In its results for the year to 31 March 2014 the housing developer reported a pre-tax profit of £19m, up from a profit of £9m the previous year.
Its revenue decreased slightly to £141m in the year to the end of March 2014, down from £142m in the previous year.
The firm reported that it had forward sold 98% of its expected completions for the year to 31 March 2015.
Writing in the accounts Jon Di-Stefano, chief executive of Telford Homes, said the firm’s customers “do not typically need high loan to value mortgages” and it had not made any sales under the government’s Help to Buy scheme.
He said: “Our long term growth plans are underpinned by the demand for somewhere to live significantly exceeding the supply of new homes in the Group’s non-prime inner London locations. We are operating in areas where people want to live and many can still afford to live with strong demand from both owner-occupiers and tenants.”
Di-Stefano said that sales prices had been “better than expected in the year to 31 March 2014, but that the firm had also “benefitted from robust control of construction costs over the last 12 months”.
He added that the firm was budgeting to account for “inflationary pressures on construction costs” that were a danger to profit margins over the coming years.
The accounts also revealed that Telford had forward sold 148 homes at its Stratford Central development within just four weeks of putting them on the market.
The development is due to complete in the year to 31 March 2018, the first time Telford has sold homes four years in advance.
Di-Stefano also embarked on a defence of the firm’s policy of selling a portion of its homes to overseas investors. He said: “There has been substantial negative commentary in recent months on the issue of marketing London property to overseas investors.

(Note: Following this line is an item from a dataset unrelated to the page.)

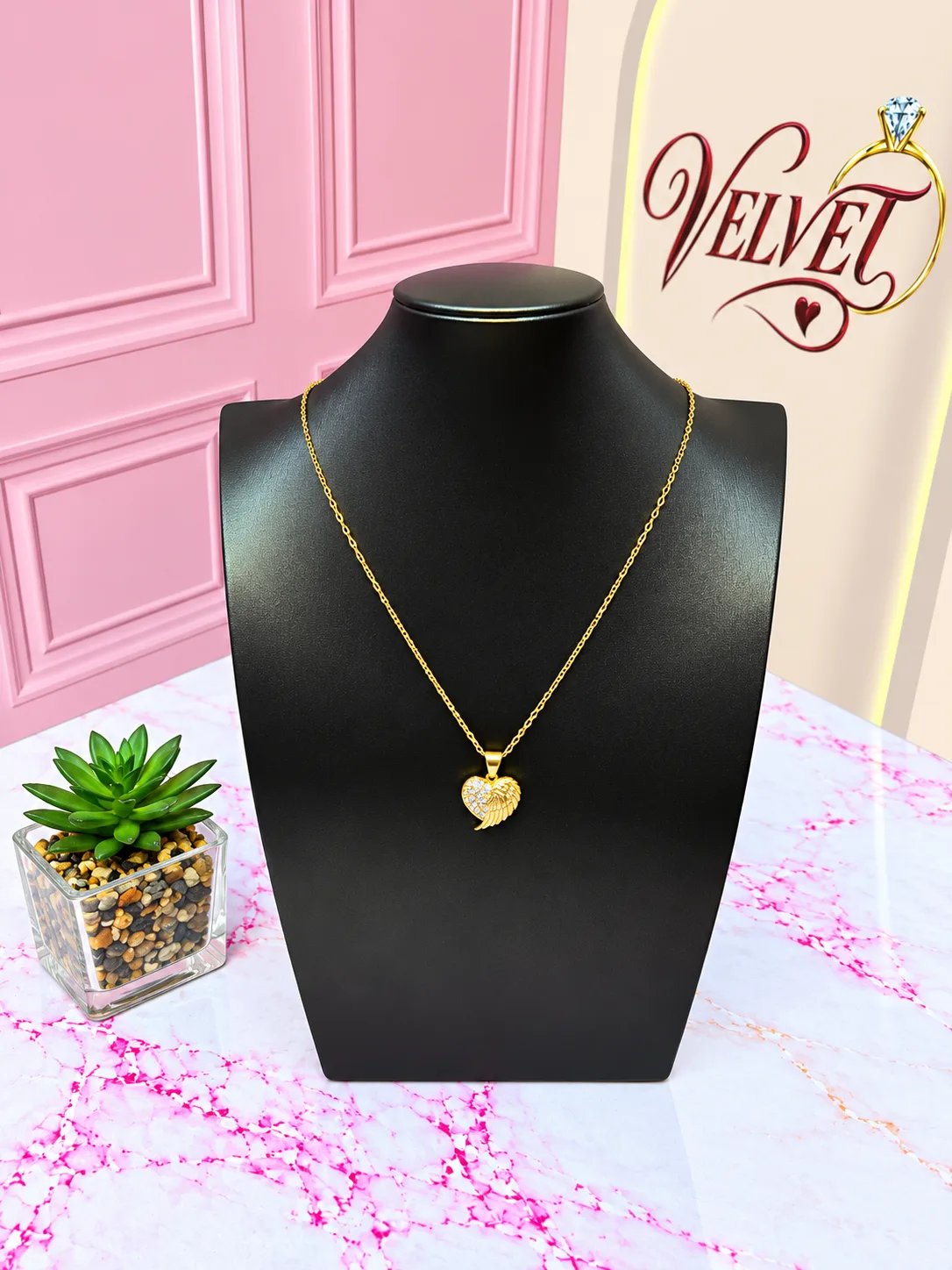 Collar Corazón con Ala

“However much of this commentary is poorly informed and the Board remains comfortable with its strategy of selling a proportion of its homes overseas and will continue to do so in the future. Without the ability to forward sell properties well ahead of build completion the Group would not have been able to grow output to the same extent and this cannot be achieved selling exclusively to owner-occupiers.
“The investors buying from Telford Homes, either UK based or overseas, are not deliberately leaving their properties empty and are not contributing to the shortage of supply of homes in London. In fact the vast majority invest to secure a rental return, therefore satisfying increasing demand from potential tenants who either cannot afford to buy or do not want to buy.”